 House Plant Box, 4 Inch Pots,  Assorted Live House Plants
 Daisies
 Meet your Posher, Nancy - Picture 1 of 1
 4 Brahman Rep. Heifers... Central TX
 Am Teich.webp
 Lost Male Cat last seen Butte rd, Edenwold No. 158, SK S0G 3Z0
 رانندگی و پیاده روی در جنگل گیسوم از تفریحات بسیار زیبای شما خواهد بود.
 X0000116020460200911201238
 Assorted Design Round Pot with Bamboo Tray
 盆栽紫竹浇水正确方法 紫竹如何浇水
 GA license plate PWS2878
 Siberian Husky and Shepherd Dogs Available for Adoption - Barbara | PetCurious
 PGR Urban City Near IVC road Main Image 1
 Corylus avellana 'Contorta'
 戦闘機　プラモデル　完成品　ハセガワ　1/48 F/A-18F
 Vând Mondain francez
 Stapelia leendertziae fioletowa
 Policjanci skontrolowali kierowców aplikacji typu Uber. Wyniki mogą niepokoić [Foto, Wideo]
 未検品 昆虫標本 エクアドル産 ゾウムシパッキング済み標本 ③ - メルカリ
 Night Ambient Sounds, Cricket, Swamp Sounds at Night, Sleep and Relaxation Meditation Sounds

◇ ◇ ◇ ◇ ◇ ◇ ◇

Problem description:
Up to and including the last line of the records above, print exactly every line from the one that contains "PGR Urban City Near IVC road Main Image 1" onward.

Reply to the task:
 PGR Urban City Near IVC road Main Image 1
 Corylus avellana 'Contorta'
 戦闘機　プラモデル　完成品　ハセガワ　1/48 F/A-18F
 Vând Mondain francez
 Stapelia leendertziae fioletowa
 Policjanci skontrolowali kierowców aplikacji typu Uber. Wyniki mogą niepokoić [Foto, Wideo]
 未検品 昆虫標本 エクアドル産 ゾウムシパッキング済み標本 ③ - メルカリ
 Night Ambient Sounds, Cricket, Swamp Sounds at Night, Sleep and Relaxation Meditation Sounds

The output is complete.